La Eerie Records, etichetta dell’italiano Marco Shuttle, ha un considerevole pregio: riesce a portare all’attenzione del grande pubblico artisti emergenti dotati di grandi personalità che, altrimenti, rischierebbero di rimanere intrappolati nel sottobosco. Restare nell’anonimato dà spesso l’idea di essere più “veri” (mi viene in mente la famosa citazione del collettivo di Detroit Underground Resistence: “True to the game is the only fame I claim”). Se ci fermassimo attentamente a riflettere, ci potremmo accorgere di esserci imbattuti in un già noto cliché. In un ginepraio di pregiudizi e falsi miti. Essere veri non è direttamente proporzionale al bacino d’utenza della propria arte; soprattutto, se si ha un messaggio da comunicare.
Marco Shuttle, con la sua etichetta sembra sempre voler lanciare un amo all’interno di quel ginepraio, raccontandoci lo spazio tra noi, il ginepraio e il mondo esterno.

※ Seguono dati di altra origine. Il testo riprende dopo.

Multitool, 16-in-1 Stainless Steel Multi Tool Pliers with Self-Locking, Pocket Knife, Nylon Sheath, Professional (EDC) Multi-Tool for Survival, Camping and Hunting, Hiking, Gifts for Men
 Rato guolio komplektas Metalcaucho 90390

Serena Butler è il nome dietro ad un’illusione virtuale. Un pensiero transumanista in simbiosi con un ospite umano. S> H / E non è mai nato, S> H / E, è solamente ospite in un corpo maschile, ma per Serena la distinzione dei sessi è abolita. Il non definirsi fa sì che – per definizione – ci sia un distacco da un qualcosa di definito. Questo tipo di atteggiamento, può permettere al soggetto di rimanere in equilibrio.
Vi è mai capitato di pensare che il corpo sia obsoleto? A me sì, è capitato. Ecco. La poetica di questo “digital ghost” mi ha condotta a ri-pensarci. Mi ha fatto riflettere sul fatto che il tema centrale potrebbe essere la liberazione di una nuova coscienza che si estenda però, su tutti i livelli, riplasmandosi in un’ideologia nuova, inedita, futurista. Come se fosse un punto di collegamento con la stessa idea futurista che è stata, in tempi non sospetti, la techno. In fondo, i confini musicali, sono come i confini di genere: servono per fare ordine, ma non sono null’altro che limitazioni mentali.
Mi piace immaginare Serena Butler come pura energia e il suo EP di debutto, me ne dà conferma. “Gynoids Dryads Swim Alone” si snoda su quattro tracce. La prima “You Have Penetrated Me”, costellata di synth e droni, concede al pezzo un duplice significato: è mentale tanto quanto energica. Racconta di una tensione, di una corsa verso qualcosa – qualcosa di migliore? “Oto”, invece, si apre subito trasognante. È il synth presente nella prima parte della traccia a concederle quel sapore genuino. La voce, elemento quasi totalmente costante, accompagna l’ascoltatore fino al momento di scissione nella parte centrale: la drum sparisce per poi riapparire in modo soffocato poco dopo. La traccia sembra come (ri)prendere fiato. “Gynoids”, che da in parte il titolo all’EP, suona diversa dalle altre. Sembra essere quella più sentita. Ha ritmati richiami oceanici, una “ocean-techno” in grado di condurre in profondità. Synth e bassline si abbracciano perfettamente in un incastro armonico, creando un tessuto sonoro ben stabile.
Mentre siamo dispersi nell’oceano è “Bhells” a farci ritrovare la strada: il “bell-synth” ci guida fino alle ultime note. Ed ecco che, lentamente sfuma, lasciandoci il giusto tempo per riavvolgere le nostre emozioni. “Gynoids Dryads Swim Alone” rappresenta insomma sia chiarezza d’intenti che espressione individuale, fuse in unico campo magnetico-digitale. Sarà disponibile su vinile dal 18 ottobre ed è attualmente in pre-ordine su Clone.